BBC
October 1, 1999
Marx the millennium's 'greatest thinker'

Revolutionary writer Karl Marx has topped a BBC News Online poll to find 
the greatest thinker of the millennium.

The nineteenth century writer won September's vote with a clear margin, 
pushing Albert Einstein, who had led for most of the month, into second place.

The top 10 included philosophers Immanuel Kant and Rene Descartes as well 
as twentieth century scientist Stephen Hawking.

The vote was the ninth of BBC News Online's monthly Your Millennium series.

In October you can vote for the greatest explorer of the last thousand years.

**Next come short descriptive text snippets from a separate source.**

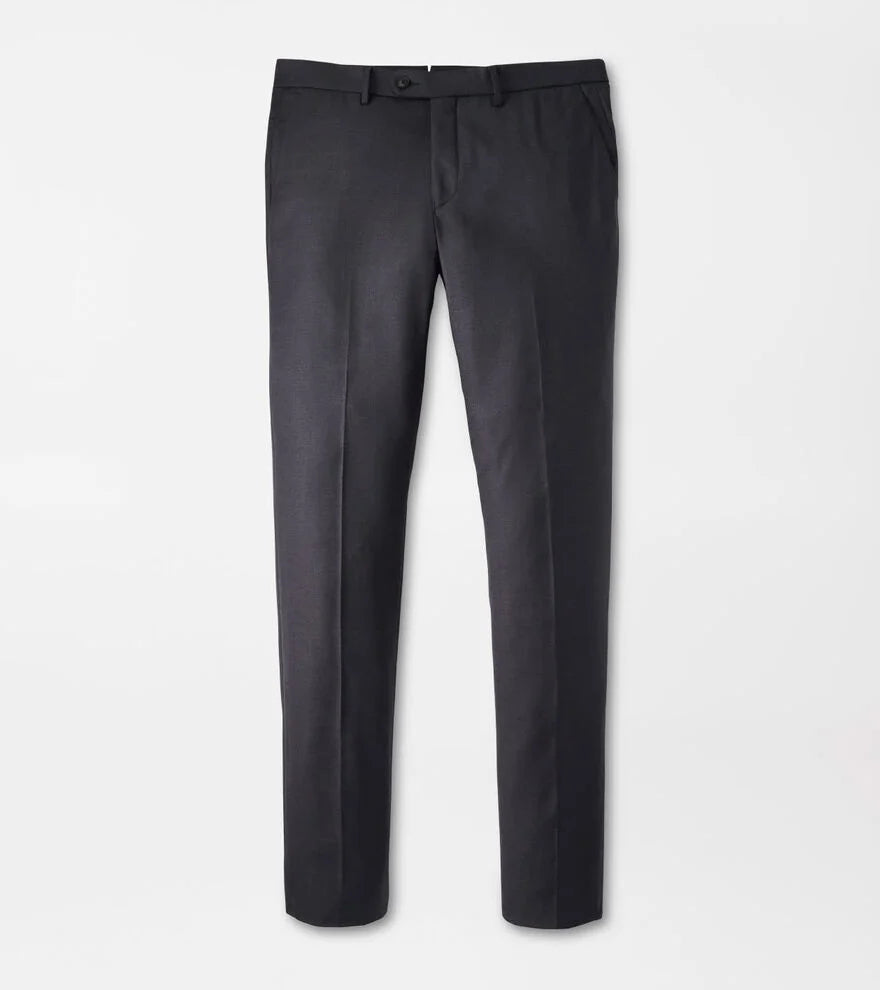 Crosby Trouser CHARCOAL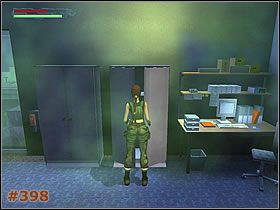 5 - [Misja 21] Galleries Under Siege | Tomb Raider The Angel of Darkness - Tomb Raider: The Angel of Darkness - poradnik do gry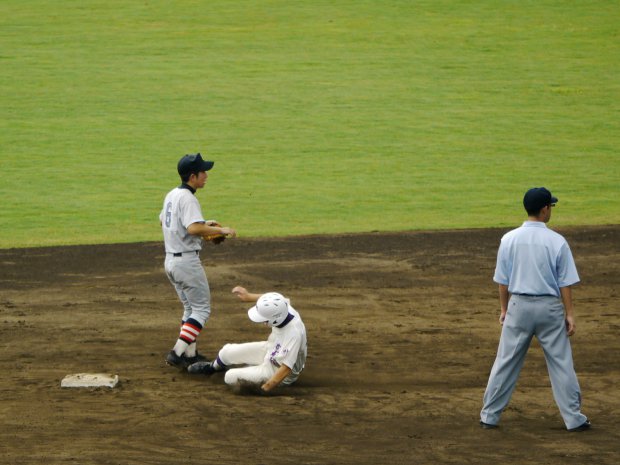 第93回全国高校野球選手権 岩手県大会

Karl Marx is probably the most influential socialist thinker to emerge in 
the nineteenth century and one of the founders of communism.

Although dictatorships throughout the twentieth century have distorted his 
original ideas, his work as a philosopher, social scientist, historian and 
a revolutionary is respected by academics today.

Karl Heinrich Marx (1818-1883) was born into a middle-class family in 
Germany, but he became a revolutionary in Paris, Brussels and London.

He met the like-minded Friedrich Engels (1820-1895) in France. Together 
they wrote The Communist Manifesto, which outlined the theory of the class 
struggle. Marx was exiled from Paris and Brussels for his revolutionary 
activities and settled in London where he lived until his death.

Amongst Marx's other influential works are the Economic and Philosophical 
Manuscripts, which remained unpublished until the 1930s, and the monumental 
work Das Kapital.

BBC News Online readers from across the world took part in the millennium poll.

Dag Thoresen from Norway, said: "Karl Marx has inspired thousands of 
liberation struggles. He was the father of modern political thinking."

And Jyotsna Kapur from the USA said: "Marx analysed best the working of 
capitalism. Given that that is the system that characterises the world at 
the end of the twentieth century his work is as relevant to understanding 
the world we live in as it was for understanding the nineteenth century."